What: $1.55 million settlement resolving allegations that Healthline violated the California Consumer Privacy Act by sharing personal data with third parties despite user opt-outs and transmitting article titles revealing potential medical diagnoses.

When: Settlement announced July 1, 2025, following California Department of Justice investigation beginning in fall 2023, with violations occurring throughout 2023.

Where: California Superior Court for San Francisco, with Healthline.com serving global audiences while maintaining significant California operations and user base.

Why: Healthline failed to honor consumer opt-out requests, shared sensitive health-related information with advertisers, and lacked proper contractual protections for consumer data as required under California privacy law.

Healthline.com operates as one of the world's top 40 most visited websites, serving approximately 6.5 million California residents monthly. The platform generates revenue through personalized advertising, utilizing online tracking technologies to share reader data with third parties. According to the complaint filed with San Francisco Superior Court, approximately 65,000 Californians had opted out of data sharing through various mechanisms.

The California Department of Justice investigation revealed multiple systemic failures in Healthline's privacy compliance. Even after users activated the "triple opt-out" through cookie banners, privacy links, and Global Privacy Control, investigators observed 118 cookies from advertising companies still being placed. The tracking continued to send data transmissions to dozens of advertising firms, including unique identifier cookies and sensitive article titles.

According to the complaint, Healthline shared article titles like "You've Been Newly Diagnosed with MS. What's Next?" and "Newly Diagnosed with HIV? Important Things to Know" with advertising networks. This practice violated the CCPA's purpose limitation principle, which restricts businesses to using personal information only for disclosed purposes that align with consumer expectations.

One investigator testing the system viewed Crohn's disease content and subsequently received targeted streaming television advertisements for Crohn's treatments. A data broker profile later showed an entry for "IBS/Crohn's Disease" associated with the investigator's digital footprint. While causation cannot be definitively established, the incident demonstrated the practical consequences of Healthline's data sharing practices.

The Attorney General's investigation uncovered additional contractual violations under CCPA requirements. Healthline failed to ensure third-party advertising contracts contained mandatory privacy protections for consumer data. Instead of verifying compliance terms, the company assumed advertising partners adhered to industry frameworks without proper verification.

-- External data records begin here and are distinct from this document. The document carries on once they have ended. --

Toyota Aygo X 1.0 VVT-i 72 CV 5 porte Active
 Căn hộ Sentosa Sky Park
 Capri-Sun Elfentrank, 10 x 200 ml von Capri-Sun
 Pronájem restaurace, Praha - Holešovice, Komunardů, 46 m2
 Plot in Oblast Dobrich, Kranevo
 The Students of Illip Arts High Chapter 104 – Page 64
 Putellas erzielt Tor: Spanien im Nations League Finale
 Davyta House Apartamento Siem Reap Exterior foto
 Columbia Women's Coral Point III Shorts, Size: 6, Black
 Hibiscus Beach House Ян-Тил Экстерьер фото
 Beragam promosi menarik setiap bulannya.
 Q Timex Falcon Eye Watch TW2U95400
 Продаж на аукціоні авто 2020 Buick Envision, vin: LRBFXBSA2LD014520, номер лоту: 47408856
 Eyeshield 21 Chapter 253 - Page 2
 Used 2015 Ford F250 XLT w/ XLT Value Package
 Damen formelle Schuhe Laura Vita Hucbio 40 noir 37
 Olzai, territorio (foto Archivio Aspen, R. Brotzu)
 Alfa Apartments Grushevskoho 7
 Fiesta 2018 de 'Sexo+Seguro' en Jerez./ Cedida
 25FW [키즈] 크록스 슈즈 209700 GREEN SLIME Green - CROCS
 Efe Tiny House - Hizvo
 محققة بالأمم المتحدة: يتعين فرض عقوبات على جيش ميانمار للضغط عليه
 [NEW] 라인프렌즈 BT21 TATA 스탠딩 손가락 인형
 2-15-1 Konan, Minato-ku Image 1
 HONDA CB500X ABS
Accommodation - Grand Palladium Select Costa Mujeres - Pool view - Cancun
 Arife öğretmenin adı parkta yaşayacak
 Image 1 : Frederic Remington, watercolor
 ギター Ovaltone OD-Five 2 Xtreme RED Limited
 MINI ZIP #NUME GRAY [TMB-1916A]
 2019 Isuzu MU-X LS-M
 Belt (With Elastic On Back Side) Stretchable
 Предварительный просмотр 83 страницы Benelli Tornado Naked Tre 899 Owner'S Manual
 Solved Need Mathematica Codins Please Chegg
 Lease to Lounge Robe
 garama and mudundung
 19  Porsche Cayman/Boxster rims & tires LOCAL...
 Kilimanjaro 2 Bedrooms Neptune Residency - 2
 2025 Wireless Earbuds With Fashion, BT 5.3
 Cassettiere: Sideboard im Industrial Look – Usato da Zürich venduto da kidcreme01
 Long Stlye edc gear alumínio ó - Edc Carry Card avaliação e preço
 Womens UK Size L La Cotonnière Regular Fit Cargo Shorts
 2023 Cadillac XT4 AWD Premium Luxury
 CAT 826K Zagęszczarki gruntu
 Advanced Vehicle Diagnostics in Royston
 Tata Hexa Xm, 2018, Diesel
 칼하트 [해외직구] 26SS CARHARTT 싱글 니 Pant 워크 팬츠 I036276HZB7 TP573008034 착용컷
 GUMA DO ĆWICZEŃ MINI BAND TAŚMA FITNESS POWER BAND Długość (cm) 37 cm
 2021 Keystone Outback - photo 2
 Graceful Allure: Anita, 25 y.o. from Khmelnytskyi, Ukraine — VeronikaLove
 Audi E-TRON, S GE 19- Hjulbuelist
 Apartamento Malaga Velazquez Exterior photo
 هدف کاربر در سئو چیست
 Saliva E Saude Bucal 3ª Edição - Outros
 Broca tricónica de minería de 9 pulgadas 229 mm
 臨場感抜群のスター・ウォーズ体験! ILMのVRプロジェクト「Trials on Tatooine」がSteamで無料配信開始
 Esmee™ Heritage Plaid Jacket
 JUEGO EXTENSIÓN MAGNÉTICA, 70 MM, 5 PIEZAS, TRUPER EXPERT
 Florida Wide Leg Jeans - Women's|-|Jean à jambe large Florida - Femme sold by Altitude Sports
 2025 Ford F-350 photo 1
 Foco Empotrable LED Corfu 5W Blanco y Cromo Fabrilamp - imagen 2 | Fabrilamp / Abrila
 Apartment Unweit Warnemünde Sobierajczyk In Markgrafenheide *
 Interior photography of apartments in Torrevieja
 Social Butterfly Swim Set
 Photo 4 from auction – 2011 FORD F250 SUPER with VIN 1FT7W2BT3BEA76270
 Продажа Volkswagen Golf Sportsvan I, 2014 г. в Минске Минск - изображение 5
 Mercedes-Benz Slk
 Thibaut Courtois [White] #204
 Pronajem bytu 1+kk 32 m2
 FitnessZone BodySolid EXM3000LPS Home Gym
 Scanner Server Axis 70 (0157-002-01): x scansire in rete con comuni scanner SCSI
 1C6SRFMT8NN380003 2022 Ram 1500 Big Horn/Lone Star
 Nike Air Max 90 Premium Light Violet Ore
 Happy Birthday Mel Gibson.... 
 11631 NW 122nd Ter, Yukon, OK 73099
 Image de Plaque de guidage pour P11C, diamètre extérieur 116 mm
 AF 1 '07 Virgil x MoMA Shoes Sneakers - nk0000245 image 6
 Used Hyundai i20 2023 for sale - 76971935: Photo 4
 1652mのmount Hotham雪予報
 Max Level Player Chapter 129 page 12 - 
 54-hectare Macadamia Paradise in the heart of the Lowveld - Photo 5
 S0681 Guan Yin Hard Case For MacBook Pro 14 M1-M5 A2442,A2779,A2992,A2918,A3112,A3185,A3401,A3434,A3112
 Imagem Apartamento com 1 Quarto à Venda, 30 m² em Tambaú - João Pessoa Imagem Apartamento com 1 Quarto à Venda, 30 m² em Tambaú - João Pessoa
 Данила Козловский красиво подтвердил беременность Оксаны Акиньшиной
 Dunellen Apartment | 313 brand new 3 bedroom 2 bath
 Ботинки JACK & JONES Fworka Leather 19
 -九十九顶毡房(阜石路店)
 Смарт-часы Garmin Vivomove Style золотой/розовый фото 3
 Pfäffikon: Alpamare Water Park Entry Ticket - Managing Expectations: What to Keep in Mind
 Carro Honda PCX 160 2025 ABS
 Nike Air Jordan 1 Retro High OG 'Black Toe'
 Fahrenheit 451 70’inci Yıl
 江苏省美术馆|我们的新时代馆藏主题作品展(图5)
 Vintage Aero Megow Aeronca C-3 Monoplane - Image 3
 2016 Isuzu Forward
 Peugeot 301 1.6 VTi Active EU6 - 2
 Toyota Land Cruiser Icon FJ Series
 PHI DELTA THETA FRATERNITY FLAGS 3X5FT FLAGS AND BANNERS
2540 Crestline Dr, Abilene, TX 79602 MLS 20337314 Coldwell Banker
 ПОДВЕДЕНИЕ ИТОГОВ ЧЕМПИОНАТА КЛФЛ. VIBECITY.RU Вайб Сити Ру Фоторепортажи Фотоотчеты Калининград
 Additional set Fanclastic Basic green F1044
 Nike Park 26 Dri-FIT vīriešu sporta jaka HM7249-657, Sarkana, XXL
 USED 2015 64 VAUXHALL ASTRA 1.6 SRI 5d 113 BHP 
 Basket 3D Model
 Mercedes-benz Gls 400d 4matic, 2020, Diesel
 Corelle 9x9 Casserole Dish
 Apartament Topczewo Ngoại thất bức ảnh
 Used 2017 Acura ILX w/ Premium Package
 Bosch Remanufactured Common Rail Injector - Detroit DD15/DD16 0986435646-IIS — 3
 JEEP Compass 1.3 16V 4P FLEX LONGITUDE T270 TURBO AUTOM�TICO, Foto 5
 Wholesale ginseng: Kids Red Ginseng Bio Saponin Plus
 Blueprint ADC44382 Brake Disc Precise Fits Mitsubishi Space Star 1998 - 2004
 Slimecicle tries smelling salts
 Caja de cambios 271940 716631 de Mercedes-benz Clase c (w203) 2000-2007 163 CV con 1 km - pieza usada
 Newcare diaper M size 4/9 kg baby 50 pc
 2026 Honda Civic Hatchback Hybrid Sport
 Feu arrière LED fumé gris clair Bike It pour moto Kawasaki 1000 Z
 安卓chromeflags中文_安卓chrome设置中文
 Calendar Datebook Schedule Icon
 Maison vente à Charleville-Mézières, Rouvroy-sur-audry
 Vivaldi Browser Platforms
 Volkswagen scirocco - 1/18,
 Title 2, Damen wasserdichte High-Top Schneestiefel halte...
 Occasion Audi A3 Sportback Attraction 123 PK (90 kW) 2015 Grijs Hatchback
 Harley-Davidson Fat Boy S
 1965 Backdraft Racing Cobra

Several contracts reviewed by investigators contained problematic language. One agreement allowed data use for "any business purpose," while another permitted "internal use" benefiting the recipient directly. These broad permissions violated CCPA requirements for limited and specified data use purposes.

The settlement requires Healthline to implement comprehensive compliance measures extending three years from the effective date. The company must ensure opt-out mechanisms function correctly and prohibit sharing information linking consumers to medical diagnosis articles. Additionally, Healthline must maintain a CCPA compliance program including contract audits and annual reporting to the state.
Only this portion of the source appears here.